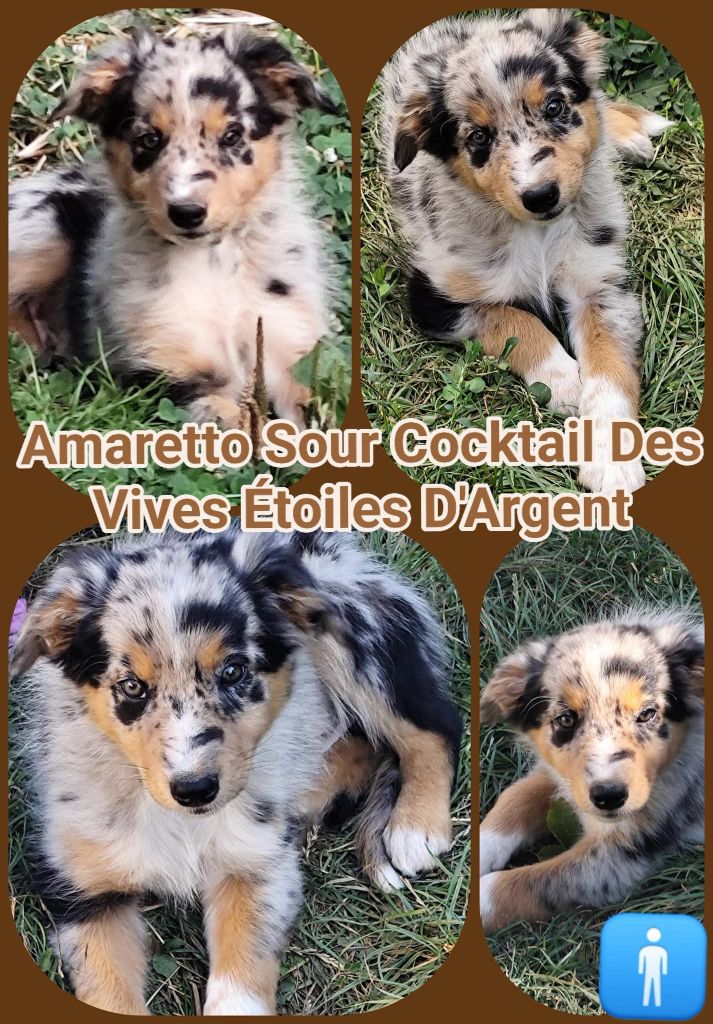 Des Vives Etoiles D’Argent - Chiots disponibles - Border Collie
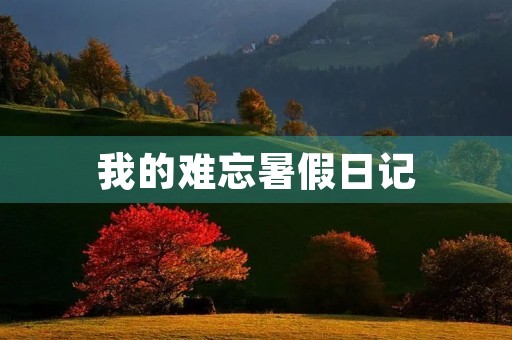 我的难忘暑假日记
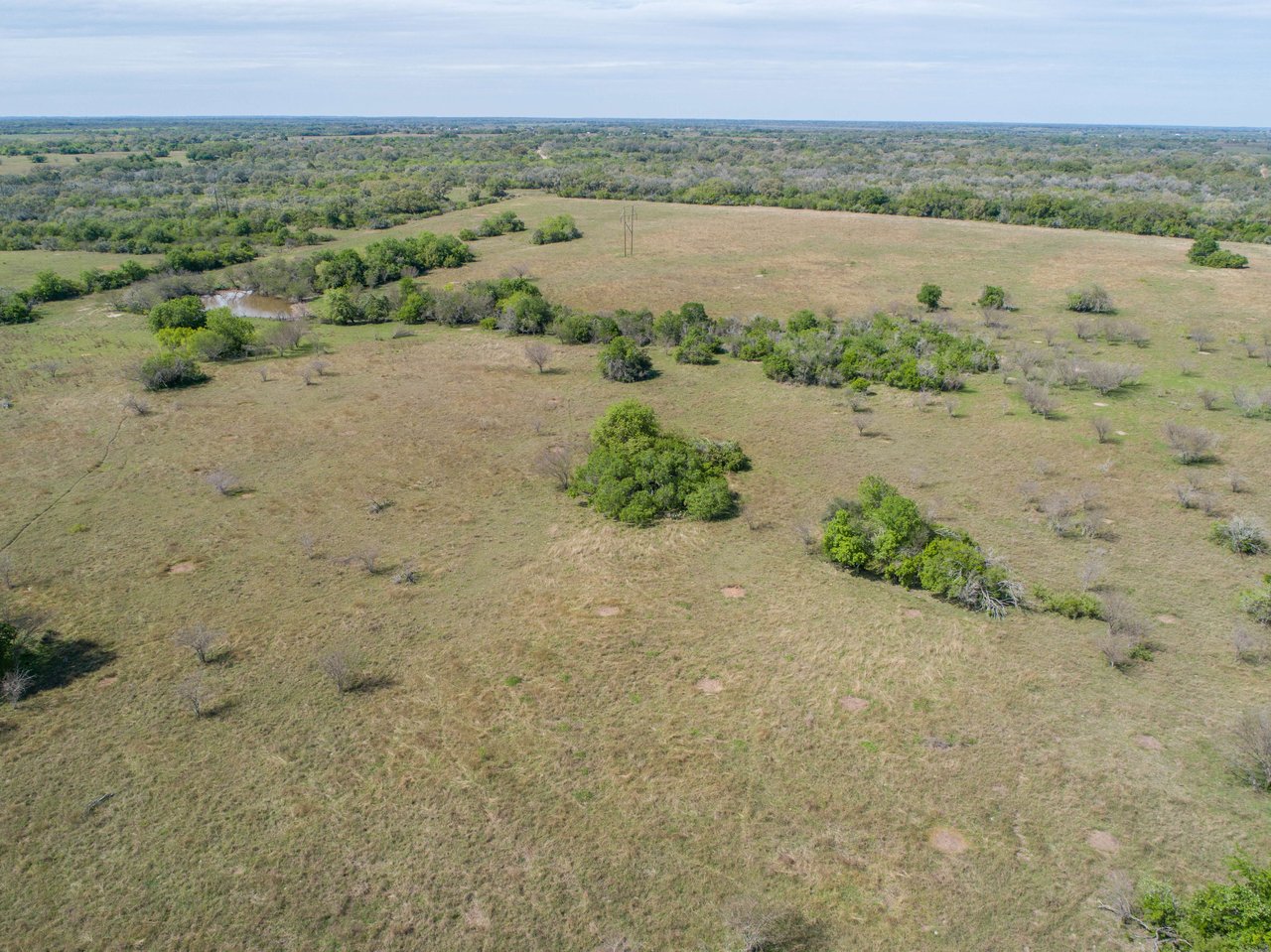 Weesatche 110 Acres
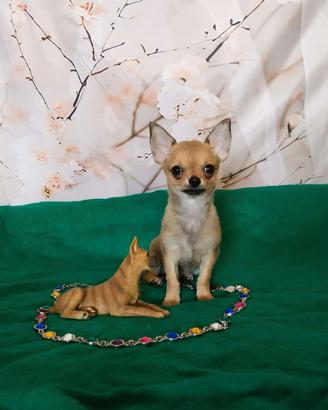 Chihuahua pelo corto femminuccia cucciola mini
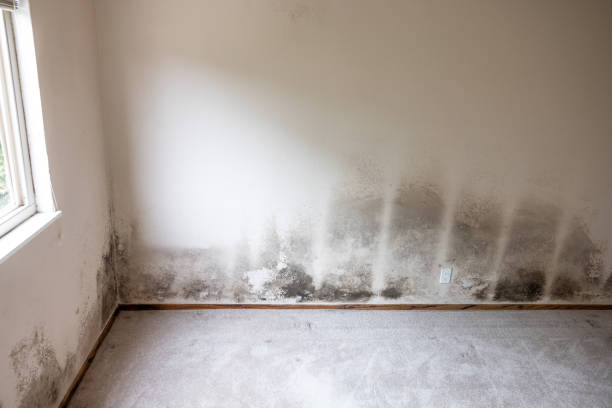 Best Indoor Air Quality Assessment  in Oxoboxo River, CT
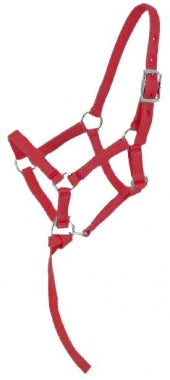 Nylon Halters ~ Foal - Henderson's Western Store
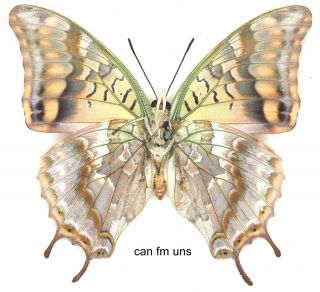 Butterfly - 1 x mounted female Charaxes candiope (A1 -) 2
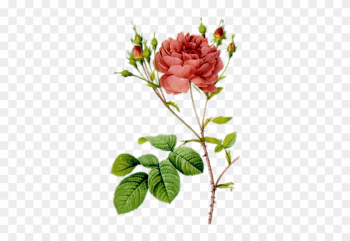 Photo From Album "цветы Винтаж" On - Les Roses 1817 By Redoute Photo From Album "цветы Винтаж" On - Les Roses 1817 By Redoute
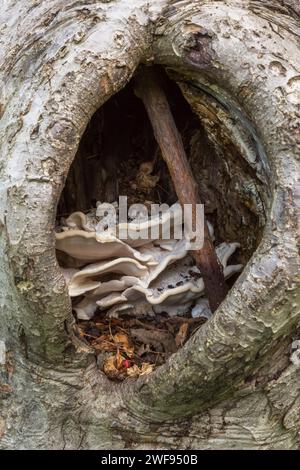 White flat mushroom growth inside cavity of sawed off branch on deciduous tree trunk in summer. Stock Photo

◇ ◇ ◇ ◇ ◇

Task — Without the pictures, retype exactly the lines from the one that holds "Best Indoor Air" to the last line of the data above, both of them included.

Result below —
 Best Indoor Air Quality Assessment  in Oxoboxo River, CT
 Nylon Halters ~ Foal - Henderson's Western Store
 Butterfly - 1 x mounted female Charaxes candiope (A1 -) 2
 Photo From Album "цветы Винтаж" On - Les Roses 1817 By Redoute Photo From Album "цветы Винтаж" On - Les Roses 1817 By Redoute
 White flat mushroom growth inside cavity of sawed off branch on deciduous tree trunk in summer. Stock Photo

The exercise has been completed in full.